Barbagallo Carlo M, Noto Davide, Cefalù Angelo B, Ganci Antonia, Giammarresi Carlo, Panno Donata, Cusumano Gaspare, Greco Massimiliano, Di Gaudio Francesca, Averna Maurizio R
Biomedical Department of Internal Medicine and Specialistics (DIBIMIS), University of Palermo, Palermo, Italy.
Division of Nephrology, Civic Hospital, Palermo, Italy.
Hemodial Int. 2015 Jul;19(3):360-7. doi: 10.1111/hdi.12250. Epub 2014 Dec 12.
Dyslipidemias may account for the excess of cardiovascular mortality in end-stage renal disease (ESRD). Lipoprotein studies in ESRD patients are usually relative to prehemodialysis samples even if significative changes may occur after dialysis. In this study, we aimed to investigate the effects of ESRD on triglyceride-rich lipoproteins (TRL) subpopulations distribution and acute change following hemodialytic procedures, including the relative contribution of heparin administration. We selected a group of normolipidemic male middle-aged ESRD patients free of any concomitant disease affecting lipoprotein remnant metabolism compared with controls. We separated TRL subfractions according to density and apoE content and evaluated the changes of these particles after hemodialytic procedures with or without heparin. ESRD subjects had higher TRL subfractions, with the exception of apoE-rich particles, lower high-density lipoprotein (HDL) largest subclasses, and a smaller low-density lipoprotein peak particle size than controls. After a hemodialytic standard procedure with heparin, we demonstrated a significant reduction of triglyceride, an increase of HDL-cholesterol levels, and a raise of small very-low-density lipoprotein, intermediate-density lipoproteins (IDL), apoE-rich particles, and non-HDL-cholesterol levels. When hemodialysis was performed without heparin, no significant changes were observed. In the absence of concomitant hyperlipidemic triggers, ESRD patients show significant lipoprotein abnormalities before dialysis, but without any increased remnant particles concentrations. We speculate that hemodialysis, in particular heparin administration during this procedure, leads to a massive atherogenic TRLs production because of the acute stimulation of the dysfunctional lipolytic system not followed by an efficient removal, determining a recurrent lipoprotein remnant accumulation.

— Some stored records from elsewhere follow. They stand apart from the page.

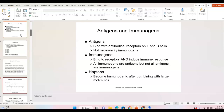Antigens and immunogens — I found this terminology super confusing. The difference: an antigen can bind with antibodies and has receptors on T and B cells, but it doesn't necessarily always trigger an immune response. Immunogens induce an immune response — they are antigens, but not all antigens are immunogens. For purposes of this class, we're going to call antigens something that will trigger an immune response.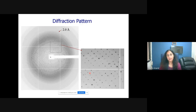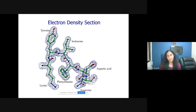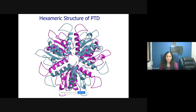From the diffraction pattern, intensities are extracted to get structure factors, and from there you move toward the structure. The electron density is then used to fit amino acids — for example, lysine, tyrosine, isoleucine, phenylalanine — and the whole protein structure is built. Each amino acid has its own side chain clearly visible, and the amide bond is also very clear. For easier viewing, we use a cartoon representation showing the overall secondary structure.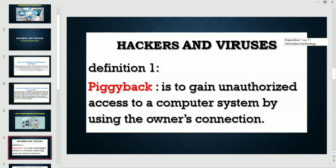Let's continue. I'll give you some definitions about hackers and viruses. First of all: piggyback. Piggyback is to gain unauthorized access to a computer system by using the owner's connection.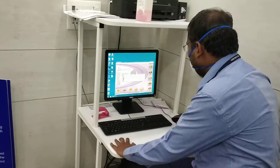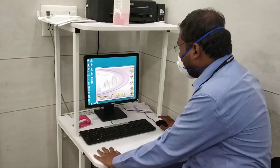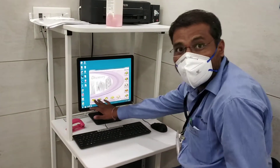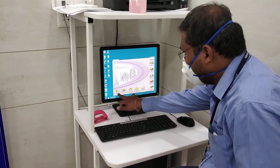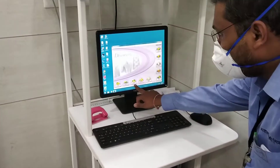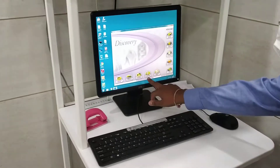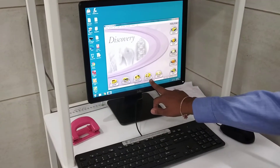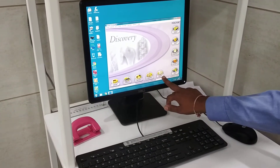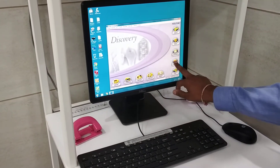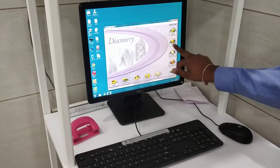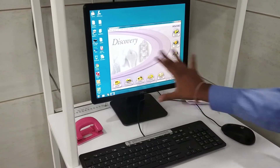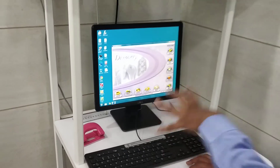Now you can observe these are the different options here: Daily QC, Perform Exam, Rocket Scan, Analyze Scan, Report, Exit System, Backup, Archer Scan, Scan Patients — a lot of things are there for this machine.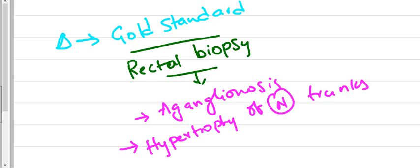Coming to diagnosis, rectal biopsy is the gold standard in which we can find agangliogenesis and hypertrophy of nerve trunks.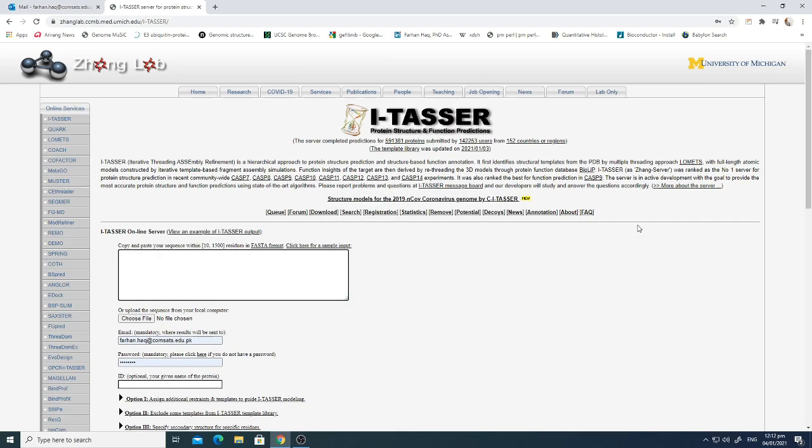Today's topic is about protein structure and function predictions using I-TASSER software. People use I-TASSER because if you do not have the right template to predict the structure of your unknown protein sequence, I-TASSER — which stands for Iterative Threading Assembly Refinement — provides a hierarchical approach to protein structure prediction and structure-based function annotation.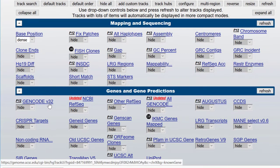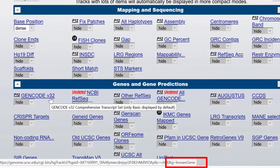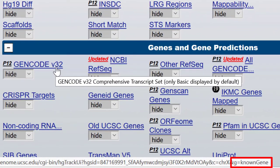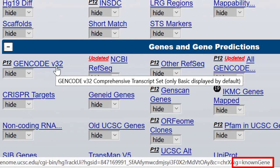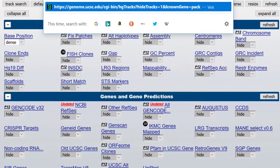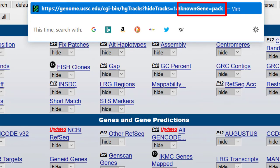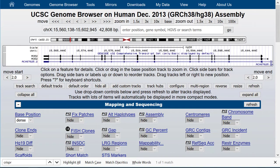Let's add back the GenCode genes track and in the process learn how to identify the table name for any track. One way to get the table name is to mouse over the label in the track controls and look for the variable g. You see that the table name for the GenCode genes track — which is called UCSC genes in hg19 — is knownGene. We can set ampersand knownGene equals pack to load the track. With no position equals parameter, the track opens at whatever position we were at before. Note that all of the parameters are case sensitive.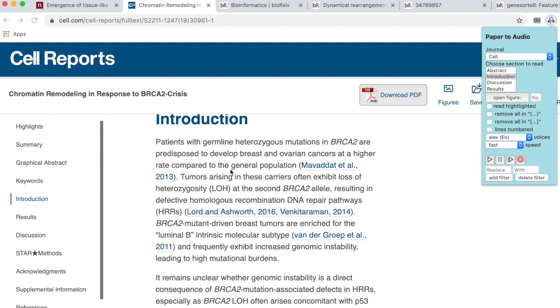Introduction: patients with germline heterozygous mutations in BRCA2 are predisposed to develop breast and ovarian cancers at a higher rate compared to the general population. Tumors arising in these carriers often exhibit...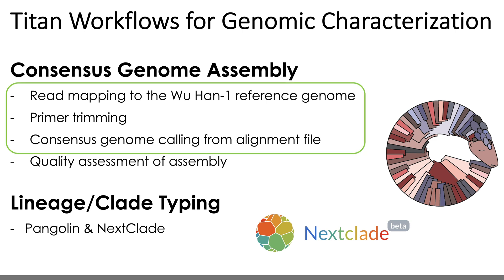The major differences between each of these workflows is how the read mapping, primer trimming, and consensus genome calling is performed due to the differences in read data.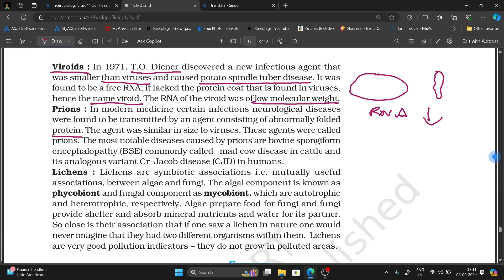The agent was similar in size to a virus. These agents were called prions.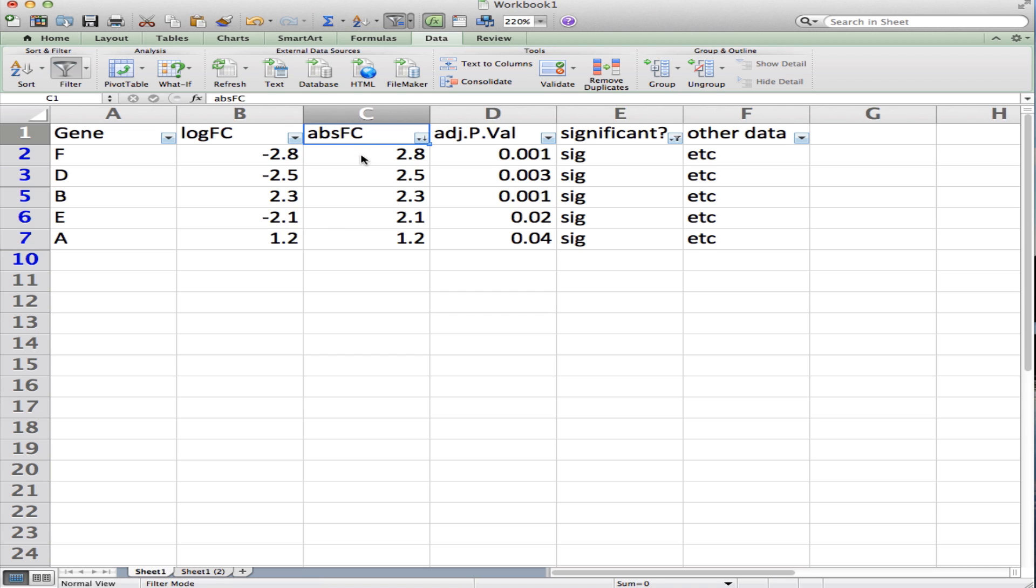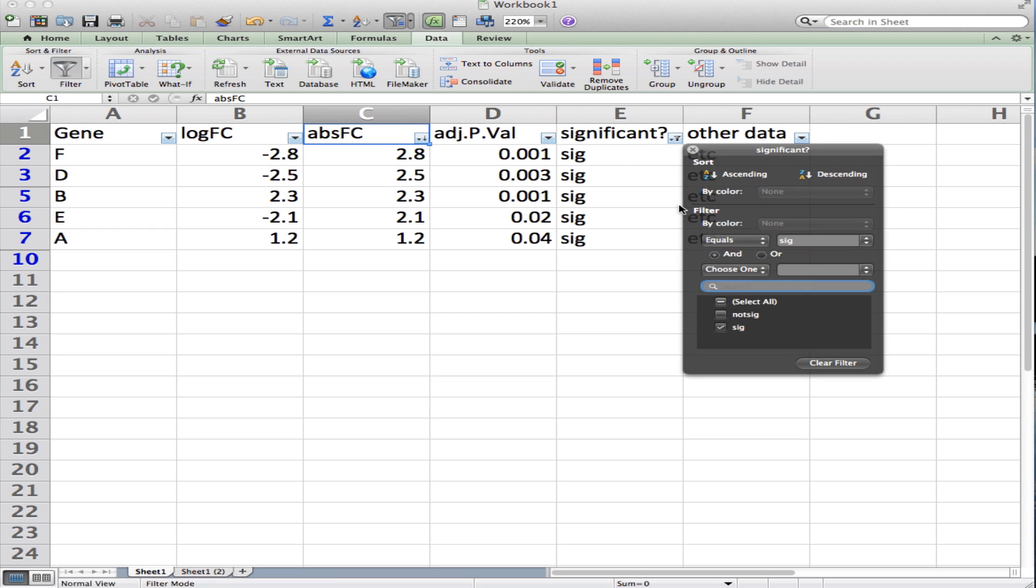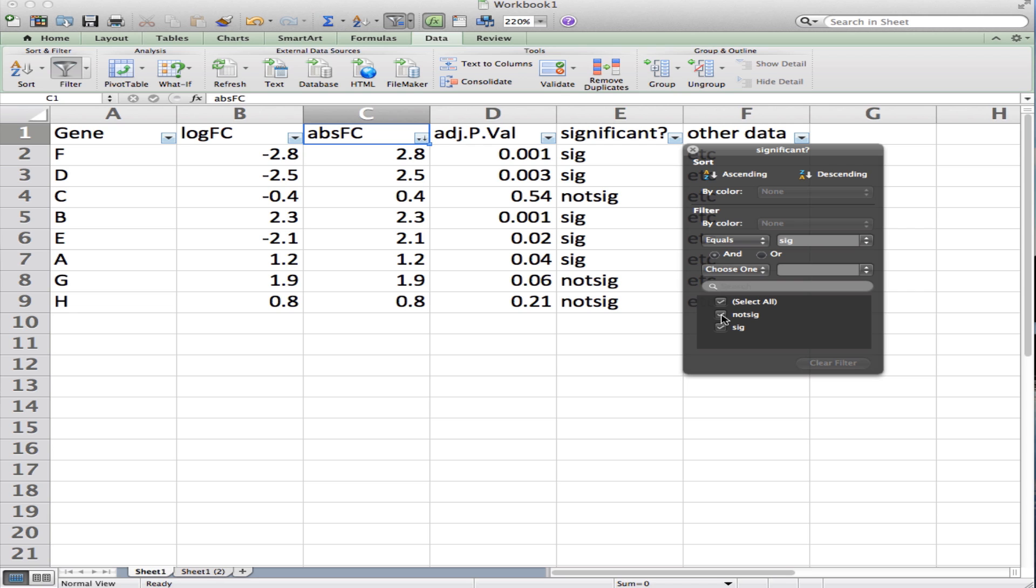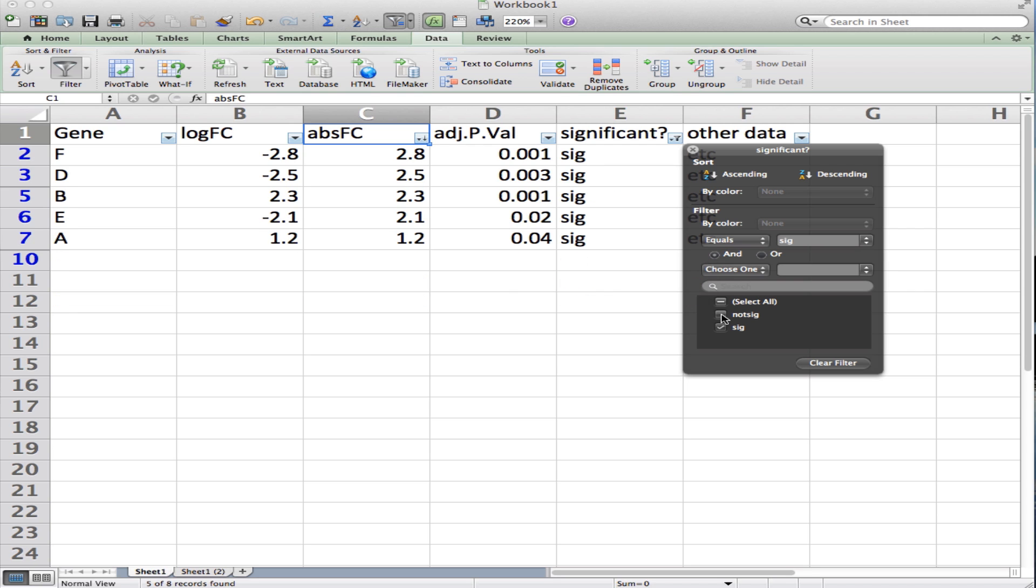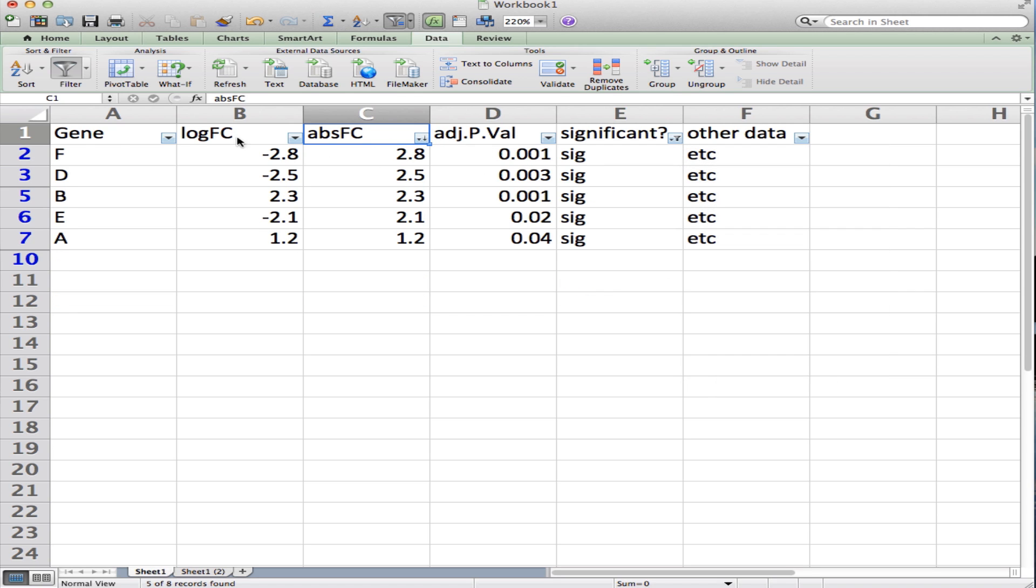Then I can turn this filter off if I want to and show all the genes and so on. So you can go through and do some filtering and sorting pretty easily this way.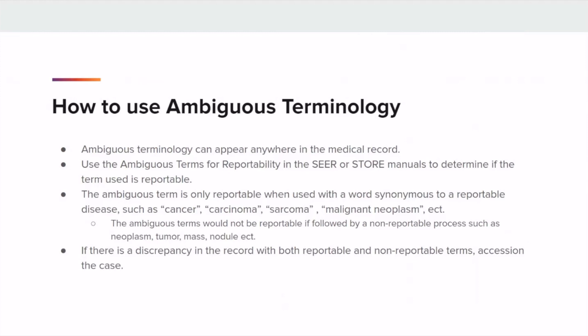Additionally, even if a term is listed in the manual, it's only reportable when used with a word synonymous to reportable disease, such as cancer, carcinoma, sarcoma, malignant neoplasm, etc. The ambiguous terms would not be reportable if followed by a non-reportable process, such as neoplasm, tumor, mass, or nodule. If there's a discrepancy in the medical record with both reportable and non-reportable terms, assess in the case based on the reportable ambiguous terminology.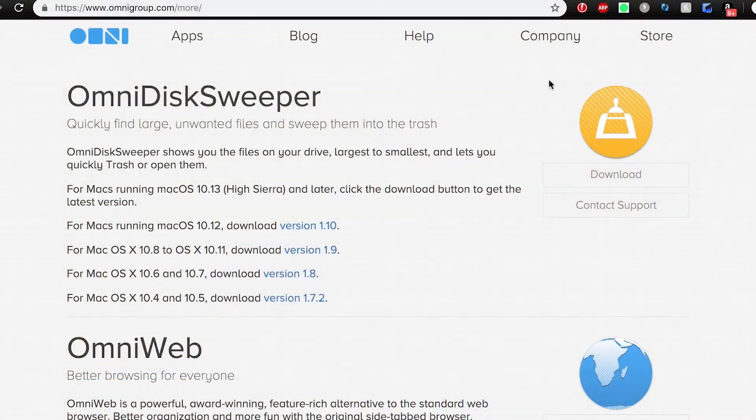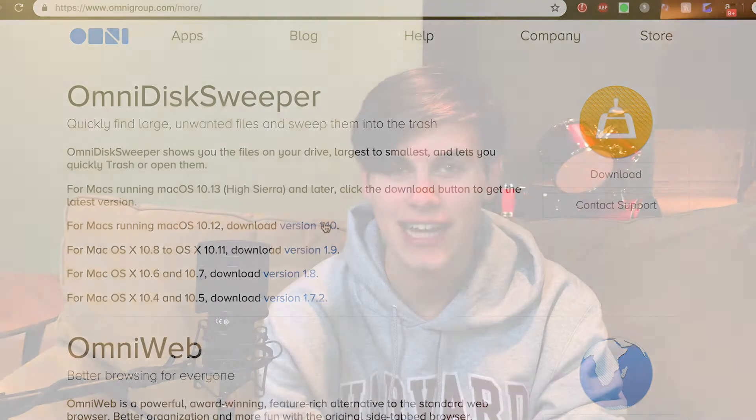So, Omni Disk Sweeper — sounds and looks exactly like a virus, but me and Chris can confirm after using it for multiple years, it's anything but. Head over to the link in the description and download the appropriate version of Omni Disk Sweeper for your system. But if you're not already on Mojave, you're really missing out.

血脂异常可能是终末期肾病(ESRD)中心血管死亡率过高的原因。ESRD患者的脂蛋白研究通常相对于血液透析前的样本,即使透析后可能会发生显著变化。在本研究中,我们旨在调查ESRD对富含甘油三酯的脂蛋白(TRL)亚群分布的影响以及血液透析程序后的急性变化,包括肝素给药的相对作用。我们选择了一组血脂正常的男性中年ESRD患者,与对照组相比,他们没有任何影响脂蛋白残粒代谢的伴随疾病。我们根据密度和载脂蛋白E含量分离TRL亚组分,并评估在有或没有肝素的血液透析程序后这些颗粒的变化。ESRD患者的TRL亚组分较高,但富含载脂蛋白E的颗粒除外,高密度脂蛋白(HDL)最大亚类较低,低密度脂蛋白峰值颗粒大小比对照组小。在使用肝素进行血液透析标准程序后,我们证明甘油三酯显著降低,HDL胆固醇水平升高,小极低密度脂蛋白、中间密度脂蛋白(IDL)、富含载脂蛋白E的颗粒和非HDL胆固醇水平升高。在不使用肝素进行血液透析时,未观察到显著变化。在没有伴随的高脂血症触发因素的情况下,ESRD患者在透析前表现出显著的脂蛋白异常,但没有任何残余颗粒浓度增加。我们推测,血液透析,特别是在此过程中给予肝素,由于功能失调的脂解系统受到急性刺激但没有有效清除,导致大量致动脉粥样硬化的TRL产生,从而导致脂蛋白残粒反复积累。